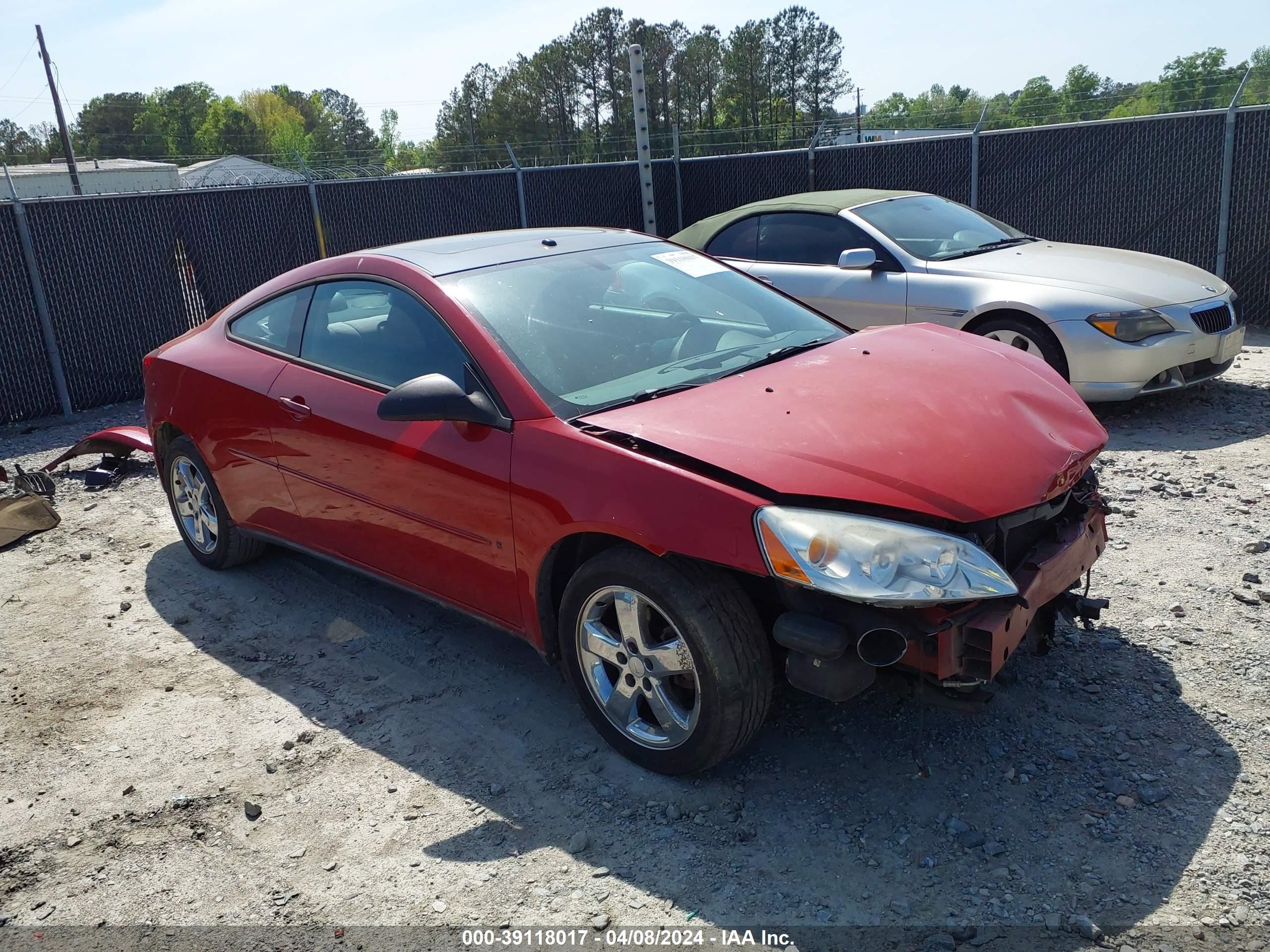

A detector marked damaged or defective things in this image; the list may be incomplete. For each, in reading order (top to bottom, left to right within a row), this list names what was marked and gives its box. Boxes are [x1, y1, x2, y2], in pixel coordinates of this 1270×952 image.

crumpled hood [935, 239, 1229, 307]
broken red bumper piece on ground [41, 424, 154, 475]
crumpled hood [581, 327, 1107, 523]
dented hood [581, 327, 1107, 523]
damaged front bumper [767, 508, 1107, 701]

☆ ☆ ☆

— EXERCISE PROMPT —
Please produce an exact copy of all the material, leaving out the pictures.

— SOLUTION FOR THIS PROBLEM —
A detector marked damaged or defective things in this image; the list may be incomplete. For each, in reading order (top to bottom, left to right within a row), this list names what was marked and gives its box. Boxes are [x1, y1, x2, y2], in pixel coordinates of this 1270×952 image.

crumpled hood [935, 239, 1229, 307]
broken red bumper piece on ground [41, 424, 154, 475]
crumpled hood [581, 327, 1107, 523]
dented hood [581, 327, 1107, 523]
damaged front bumper [767, 508, 1107, 701]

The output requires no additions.